Under Goldman Sachs’ Restated Articles of Incorporation, a director of the corporation is entitled under Paragraph 9 to enter into any agreement based upon (a) the interests of shareholders, (b) the interests of partners, or (c) any other additional factor that the director considers appropriate. This is significant from a fiduciary duty perspective because it means that a director of Goldman Sachs is not bound to follow the “shareholder primacy” view of the corporation where all decisions must be made for the benefit of the common stock shareholder, but rather, a director can make decisions based upon the interests of a partner or even any other factor that is deemed “appropriate.” Your guess is as good as mine regarding the future extent of Goldman Sachs’ profit pool, but it is important to note that management is expressly not legally bound to act for the benefit of stockholders alone when determining profit allocations.

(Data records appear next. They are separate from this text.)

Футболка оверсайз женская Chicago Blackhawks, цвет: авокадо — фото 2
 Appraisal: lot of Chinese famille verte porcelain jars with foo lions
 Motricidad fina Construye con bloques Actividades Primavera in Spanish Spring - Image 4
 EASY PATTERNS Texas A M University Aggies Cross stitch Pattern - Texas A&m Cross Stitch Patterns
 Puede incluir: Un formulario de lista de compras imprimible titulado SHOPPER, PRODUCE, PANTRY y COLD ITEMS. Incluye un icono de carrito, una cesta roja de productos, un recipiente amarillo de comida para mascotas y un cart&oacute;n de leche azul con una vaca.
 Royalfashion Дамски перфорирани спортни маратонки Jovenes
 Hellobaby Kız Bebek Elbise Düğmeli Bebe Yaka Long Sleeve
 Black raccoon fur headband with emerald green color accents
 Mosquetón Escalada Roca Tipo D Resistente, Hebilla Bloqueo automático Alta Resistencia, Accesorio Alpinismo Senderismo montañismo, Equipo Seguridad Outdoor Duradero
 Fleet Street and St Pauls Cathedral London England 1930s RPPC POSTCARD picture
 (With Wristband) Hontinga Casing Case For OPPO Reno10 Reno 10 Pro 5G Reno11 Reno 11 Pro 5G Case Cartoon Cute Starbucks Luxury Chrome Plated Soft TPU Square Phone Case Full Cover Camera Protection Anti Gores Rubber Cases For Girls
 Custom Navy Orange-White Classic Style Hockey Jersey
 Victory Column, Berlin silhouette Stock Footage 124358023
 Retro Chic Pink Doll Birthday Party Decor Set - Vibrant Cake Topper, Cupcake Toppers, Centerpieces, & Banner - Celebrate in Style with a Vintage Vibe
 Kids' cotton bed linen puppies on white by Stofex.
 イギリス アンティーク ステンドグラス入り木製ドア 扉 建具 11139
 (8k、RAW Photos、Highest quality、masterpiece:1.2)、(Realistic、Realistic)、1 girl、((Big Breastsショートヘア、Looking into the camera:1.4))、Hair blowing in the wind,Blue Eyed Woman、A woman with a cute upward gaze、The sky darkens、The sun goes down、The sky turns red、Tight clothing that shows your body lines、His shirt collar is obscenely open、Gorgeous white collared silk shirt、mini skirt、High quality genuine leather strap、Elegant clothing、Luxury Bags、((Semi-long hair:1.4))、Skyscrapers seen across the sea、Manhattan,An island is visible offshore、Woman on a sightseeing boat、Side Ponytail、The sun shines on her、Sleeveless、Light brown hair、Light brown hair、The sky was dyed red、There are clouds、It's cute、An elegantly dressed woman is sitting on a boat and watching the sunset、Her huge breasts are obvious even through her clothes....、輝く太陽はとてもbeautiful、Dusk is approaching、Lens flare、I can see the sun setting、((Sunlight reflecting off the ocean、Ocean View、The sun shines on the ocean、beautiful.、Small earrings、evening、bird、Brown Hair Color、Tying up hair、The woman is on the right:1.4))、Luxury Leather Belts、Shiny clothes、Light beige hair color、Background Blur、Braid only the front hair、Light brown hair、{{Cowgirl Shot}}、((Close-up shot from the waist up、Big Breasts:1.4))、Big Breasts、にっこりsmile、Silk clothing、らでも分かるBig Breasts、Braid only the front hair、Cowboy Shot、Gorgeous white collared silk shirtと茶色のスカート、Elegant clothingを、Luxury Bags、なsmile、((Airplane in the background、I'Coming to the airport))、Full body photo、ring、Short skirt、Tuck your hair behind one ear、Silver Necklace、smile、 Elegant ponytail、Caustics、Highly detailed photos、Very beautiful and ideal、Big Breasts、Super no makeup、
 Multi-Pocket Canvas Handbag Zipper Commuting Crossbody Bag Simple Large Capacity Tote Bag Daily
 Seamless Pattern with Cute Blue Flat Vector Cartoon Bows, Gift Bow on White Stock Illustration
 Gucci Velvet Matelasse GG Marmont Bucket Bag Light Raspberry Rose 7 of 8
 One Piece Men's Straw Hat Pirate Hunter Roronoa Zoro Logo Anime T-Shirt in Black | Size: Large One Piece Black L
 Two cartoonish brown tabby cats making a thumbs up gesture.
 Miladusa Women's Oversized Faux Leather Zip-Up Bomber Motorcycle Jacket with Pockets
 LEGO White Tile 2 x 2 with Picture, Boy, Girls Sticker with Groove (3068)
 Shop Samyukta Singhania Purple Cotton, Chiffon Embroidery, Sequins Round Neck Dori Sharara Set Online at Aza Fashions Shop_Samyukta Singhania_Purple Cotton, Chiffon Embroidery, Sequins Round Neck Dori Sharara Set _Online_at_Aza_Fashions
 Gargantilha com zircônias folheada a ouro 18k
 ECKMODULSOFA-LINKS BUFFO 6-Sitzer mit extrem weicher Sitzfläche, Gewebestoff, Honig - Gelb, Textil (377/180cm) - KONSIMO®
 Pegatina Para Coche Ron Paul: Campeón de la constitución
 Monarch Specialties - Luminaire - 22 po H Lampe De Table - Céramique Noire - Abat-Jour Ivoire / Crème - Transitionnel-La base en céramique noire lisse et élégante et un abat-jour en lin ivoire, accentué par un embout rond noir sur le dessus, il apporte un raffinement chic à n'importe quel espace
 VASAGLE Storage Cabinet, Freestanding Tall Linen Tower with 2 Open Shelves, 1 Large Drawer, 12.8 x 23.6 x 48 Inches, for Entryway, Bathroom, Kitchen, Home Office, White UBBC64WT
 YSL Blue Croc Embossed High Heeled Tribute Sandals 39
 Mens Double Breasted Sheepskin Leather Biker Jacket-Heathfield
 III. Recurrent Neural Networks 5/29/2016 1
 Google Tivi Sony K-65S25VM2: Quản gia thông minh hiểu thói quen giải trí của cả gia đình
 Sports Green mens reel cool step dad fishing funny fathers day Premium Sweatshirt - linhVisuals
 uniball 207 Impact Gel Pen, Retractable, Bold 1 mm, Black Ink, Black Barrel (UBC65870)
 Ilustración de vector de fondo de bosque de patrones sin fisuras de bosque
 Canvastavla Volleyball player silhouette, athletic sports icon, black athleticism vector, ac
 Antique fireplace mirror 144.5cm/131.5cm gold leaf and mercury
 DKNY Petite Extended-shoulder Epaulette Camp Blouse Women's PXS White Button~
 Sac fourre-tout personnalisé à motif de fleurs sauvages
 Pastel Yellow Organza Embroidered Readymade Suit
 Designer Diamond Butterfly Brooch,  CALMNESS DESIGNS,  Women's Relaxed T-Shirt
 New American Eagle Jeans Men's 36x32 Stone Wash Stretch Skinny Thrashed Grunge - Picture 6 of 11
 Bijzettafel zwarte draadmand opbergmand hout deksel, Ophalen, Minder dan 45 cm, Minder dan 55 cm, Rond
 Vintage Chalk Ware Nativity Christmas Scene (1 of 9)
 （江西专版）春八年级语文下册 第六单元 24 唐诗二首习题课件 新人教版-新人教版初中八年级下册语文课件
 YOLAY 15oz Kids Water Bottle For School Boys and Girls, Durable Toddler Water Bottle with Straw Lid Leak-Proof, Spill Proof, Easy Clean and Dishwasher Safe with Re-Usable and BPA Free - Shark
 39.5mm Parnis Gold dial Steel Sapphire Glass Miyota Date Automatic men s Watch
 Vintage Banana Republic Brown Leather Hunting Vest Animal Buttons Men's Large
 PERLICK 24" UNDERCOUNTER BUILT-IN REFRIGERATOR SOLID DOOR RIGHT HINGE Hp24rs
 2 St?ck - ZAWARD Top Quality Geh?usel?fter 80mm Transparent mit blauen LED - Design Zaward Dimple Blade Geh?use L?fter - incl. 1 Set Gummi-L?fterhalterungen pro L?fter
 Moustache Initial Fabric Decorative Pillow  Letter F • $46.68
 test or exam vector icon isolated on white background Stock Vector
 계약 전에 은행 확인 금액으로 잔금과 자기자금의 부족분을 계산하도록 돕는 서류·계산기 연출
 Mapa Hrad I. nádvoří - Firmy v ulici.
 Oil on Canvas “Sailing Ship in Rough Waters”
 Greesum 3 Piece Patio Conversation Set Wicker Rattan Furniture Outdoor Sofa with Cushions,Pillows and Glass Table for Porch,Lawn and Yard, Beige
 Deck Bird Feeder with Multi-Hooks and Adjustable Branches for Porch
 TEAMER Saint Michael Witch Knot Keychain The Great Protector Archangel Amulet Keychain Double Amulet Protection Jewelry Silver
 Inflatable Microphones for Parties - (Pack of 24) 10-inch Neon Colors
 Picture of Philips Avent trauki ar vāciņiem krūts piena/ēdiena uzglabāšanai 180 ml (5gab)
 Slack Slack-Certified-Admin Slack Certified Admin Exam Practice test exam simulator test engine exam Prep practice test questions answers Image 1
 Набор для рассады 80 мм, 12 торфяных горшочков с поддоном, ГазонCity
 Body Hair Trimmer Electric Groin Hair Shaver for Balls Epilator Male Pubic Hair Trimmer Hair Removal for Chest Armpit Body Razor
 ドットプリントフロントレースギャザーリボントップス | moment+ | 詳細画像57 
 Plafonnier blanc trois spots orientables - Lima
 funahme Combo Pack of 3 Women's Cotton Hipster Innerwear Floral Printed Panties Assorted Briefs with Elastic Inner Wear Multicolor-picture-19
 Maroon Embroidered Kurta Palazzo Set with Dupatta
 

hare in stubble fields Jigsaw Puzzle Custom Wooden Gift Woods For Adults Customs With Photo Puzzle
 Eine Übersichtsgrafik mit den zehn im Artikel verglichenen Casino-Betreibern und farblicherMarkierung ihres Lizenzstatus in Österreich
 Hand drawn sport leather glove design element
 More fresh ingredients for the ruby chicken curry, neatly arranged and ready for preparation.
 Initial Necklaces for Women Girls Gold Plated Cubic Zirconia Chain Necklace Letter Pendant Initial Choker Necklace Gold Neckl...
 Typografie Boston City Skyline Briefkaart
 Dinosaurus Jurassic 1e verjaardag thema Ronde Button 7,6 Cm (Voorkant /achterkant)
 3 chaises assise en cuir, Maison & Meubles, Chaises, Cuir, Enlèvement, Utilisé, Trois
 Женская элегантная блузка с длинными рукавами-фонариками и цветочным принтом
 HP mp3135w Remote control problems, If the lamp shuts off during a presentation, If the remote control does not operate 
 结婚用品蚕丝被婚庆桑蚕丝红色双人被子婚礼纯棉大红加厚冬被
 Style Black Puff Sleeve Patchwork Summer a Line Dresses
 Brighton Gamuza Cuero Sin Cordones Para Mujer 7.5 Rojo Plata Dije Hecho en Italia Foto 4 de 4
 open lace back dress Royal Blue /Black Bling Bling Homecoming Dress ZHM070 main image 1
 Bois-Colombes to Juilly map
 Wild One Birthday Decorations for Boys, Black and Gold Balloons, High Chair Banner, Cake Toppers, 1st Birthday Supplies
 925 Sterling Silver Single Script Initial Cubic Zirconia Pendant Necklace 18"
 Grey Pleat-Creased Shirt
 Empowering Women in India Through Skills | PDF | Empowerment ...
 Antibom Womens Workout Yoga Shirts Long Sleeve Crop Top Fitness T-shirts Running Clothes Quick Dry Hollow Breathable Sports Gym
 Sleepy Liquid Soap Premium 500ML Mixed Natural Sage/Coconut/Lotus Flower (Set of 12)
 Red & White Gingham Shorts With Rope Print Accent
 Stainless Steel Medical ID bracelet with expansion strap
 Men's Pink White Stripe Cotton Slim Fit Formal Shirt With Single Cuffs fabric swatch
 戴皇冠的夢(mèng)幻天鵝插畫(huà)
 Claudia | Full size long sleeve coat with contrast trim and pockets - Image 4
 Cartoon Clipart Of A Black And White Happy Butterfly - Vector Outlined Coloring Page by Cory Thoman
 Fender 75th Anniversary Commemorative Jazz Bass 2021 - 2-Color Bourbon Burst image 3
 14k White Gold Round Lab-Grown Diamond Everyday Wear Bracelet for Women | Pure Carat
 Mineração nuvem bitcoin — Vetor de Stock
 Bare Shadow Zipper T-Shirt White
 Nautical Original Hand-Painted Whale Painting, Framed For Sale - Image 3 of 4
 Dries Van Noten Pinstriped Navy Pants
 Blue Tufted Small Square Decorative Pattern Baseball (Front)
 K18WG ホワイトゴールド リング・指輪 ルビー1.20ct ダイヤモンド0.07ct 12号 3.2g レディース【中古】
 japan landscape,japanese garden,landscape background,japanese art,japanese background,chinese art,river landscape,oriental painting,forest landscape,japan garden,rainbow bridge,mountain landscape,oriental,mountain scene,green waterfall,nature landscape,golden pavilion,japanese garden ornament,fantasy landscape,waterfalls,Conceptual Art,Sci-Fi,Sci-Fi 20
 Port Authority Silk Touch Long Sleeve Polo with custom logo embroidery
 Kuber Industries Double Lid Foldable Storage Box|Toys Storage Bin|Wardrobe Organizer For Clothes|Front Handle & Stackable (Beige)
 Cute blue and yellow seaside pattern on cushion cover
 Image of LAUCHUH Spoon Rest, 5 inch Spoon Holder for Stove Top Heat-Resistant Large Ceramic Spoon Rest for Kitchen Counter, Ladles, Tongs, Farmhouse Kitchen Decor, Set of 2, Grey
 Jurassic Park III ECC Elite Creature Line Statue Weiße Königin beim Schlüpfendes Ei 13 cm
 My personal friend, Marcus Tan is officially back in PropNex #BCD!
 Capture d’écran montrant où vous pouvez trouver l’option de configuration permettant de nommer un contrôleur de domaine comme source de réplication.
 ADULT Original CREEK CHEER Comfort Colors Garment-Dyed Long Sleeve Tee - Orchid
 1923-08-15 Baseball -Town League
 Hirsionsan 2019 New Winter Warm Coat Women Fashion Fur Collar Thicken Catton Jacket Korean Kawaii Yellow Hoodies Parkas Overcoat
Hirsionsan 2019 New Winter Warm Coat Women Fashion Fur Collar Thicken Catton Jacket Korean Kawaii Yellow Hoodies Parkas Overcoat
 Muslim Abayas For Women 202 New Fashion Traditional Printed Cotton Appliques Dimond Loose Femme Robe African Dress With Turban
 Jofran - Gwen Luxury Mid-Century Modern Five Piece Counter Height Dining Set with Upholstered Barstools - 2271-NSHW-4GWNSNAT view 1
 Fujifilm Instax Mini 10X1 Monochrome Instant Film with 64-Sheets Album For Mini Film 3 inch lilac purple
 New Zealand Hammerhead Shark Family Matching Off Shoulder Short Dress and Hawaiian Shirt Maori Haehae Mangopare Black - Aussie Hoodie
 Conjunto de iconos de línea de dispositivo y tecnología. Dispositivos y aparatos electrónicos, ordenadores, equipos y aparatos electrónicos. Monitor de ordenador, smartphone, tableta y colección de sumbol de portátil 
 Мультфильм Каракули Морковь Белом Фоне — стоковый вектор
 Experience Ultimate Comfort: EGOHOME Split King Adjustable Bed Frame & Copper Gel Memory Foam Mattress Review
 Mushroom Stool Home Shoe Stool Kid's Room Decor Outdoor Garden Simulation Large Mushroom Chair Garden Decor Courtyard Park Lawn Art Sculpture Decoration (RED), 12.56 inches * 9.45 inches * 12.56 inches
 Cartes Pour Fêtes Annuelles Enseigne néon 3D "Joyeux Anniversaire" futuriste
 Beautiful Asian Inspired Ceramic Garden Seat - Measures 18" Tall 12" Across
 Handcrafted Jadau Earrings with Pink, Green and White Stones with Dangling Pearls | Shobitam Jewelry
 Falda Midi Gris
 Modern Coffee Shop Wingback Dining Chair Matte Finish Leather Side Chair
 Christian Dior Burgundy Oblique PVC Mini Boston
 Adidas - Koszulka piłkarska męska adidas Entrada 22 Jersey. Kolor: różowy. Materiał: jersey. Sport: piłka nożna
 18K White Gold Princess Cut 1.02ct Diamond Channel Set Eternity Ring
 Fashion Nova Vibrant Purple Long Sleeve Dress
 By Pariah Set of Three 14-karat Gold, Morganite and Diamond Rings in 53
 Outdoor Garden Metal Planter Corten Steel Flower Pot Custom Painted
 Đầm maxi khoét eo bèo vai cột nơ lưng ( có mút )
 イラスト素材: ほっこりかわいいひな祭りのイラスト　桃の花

Even aside from the peculiarities of present economic conditions, Goldman Sachs has not been able to grow its profits for common stockholders over the past decade. During this time, the universe of the firm’s profitable activities that are subject to a 25% collection from a partner (even outside the scope of the partner’s managing zone) has been increasing at a moderate rate. It is probably not surprising that Warren Buffett discarded with all of the Goldman Sachs stock that was sitting inside Berkshire Hathaway’s portfolio from the financial crisis. The profit override from insiders is unlike almost any other firm, and the directors are authorized to expand the share of the partnership profit stake without encountering the typical gamut of fiduciary duties as obstacles. Common shareholders, take heed.